Amazon SageMaker Studio – A Fully Integrated Development Environment For Machine Learning
Learn all about Amazon SageMaker Studio, a single, web-based visual interface for the complete machine learning workflow. With SageMaker Studio, you can quickly upload data, create new notebooks, train & tune models, and deploy these models, all in a single interface.
Learn more about Amazon SageMaker at https://go.aws/3g3Jc7l
Reference Link: https://aws.amazon.com/blogs/aws/amazon-sagemaker-studio-the-first-fully-integrated-development-environment-for-machine-learning/
Amazon SageMaker Studio lets you manage your entire ML workflow through a single pane of glass. Let me give you the whirlwind tour!

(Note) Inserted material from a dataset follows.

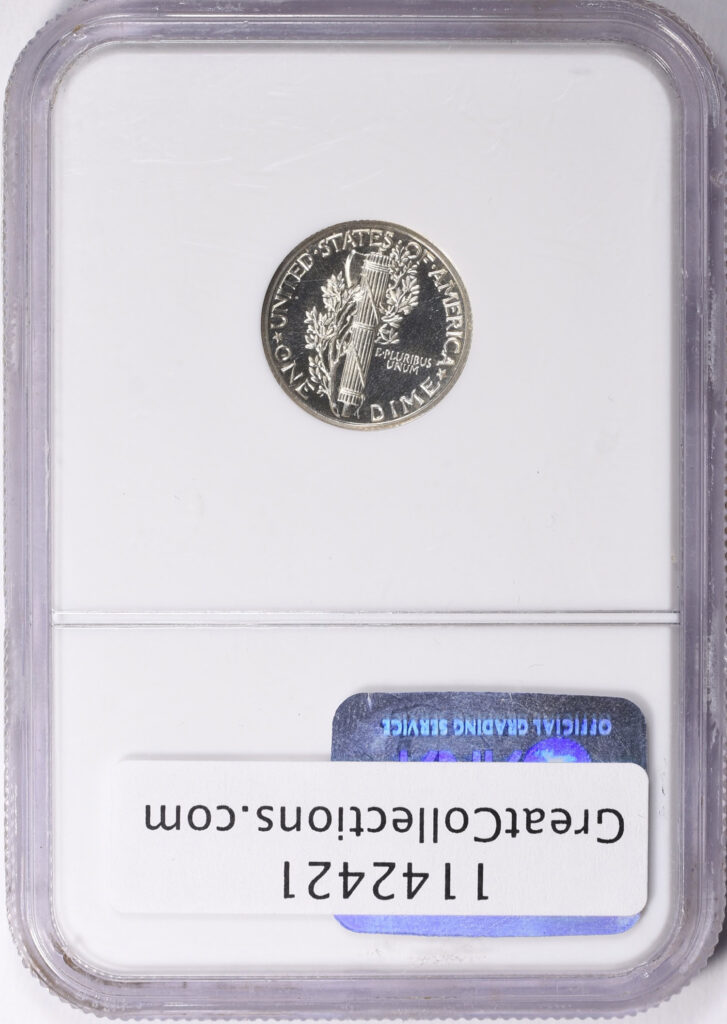 Reverse slab shot of an NGC graded, CAC Approved Proof 66 Cameo Mercury Dime.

With Amazon SageMaker Notebooks (currently in preview), you can enjoy an enhanced notebook experience that lets you easily create and share Jupyter notebooks. Without having to manage any infrastructure, you can also quickly switch from one hardware configuration to another.
Amazon SageMaker Studio includes a machine learning launcher with over 150 popular open source models and over 15 pre-built solutions for common use cases such as churn prediction and fraud detection so you can build your first model in just a few minutes. You can also use Amazon SageMaker AutoPilot to create ML models with your own data in a few clicks.
Amazon SageMaker Studio Notebooks provide a set of built-in images for popular data science and deep learning frameworks such as Tensorflow, MXNet, PyTorch, and compute options to run notebooks. You can also register custom built images and kernels, and make them available to all users sharing a SageMaker Studio domain. With a custom image, you can spin up notebooks using specific versions of popular deep learning frameworks.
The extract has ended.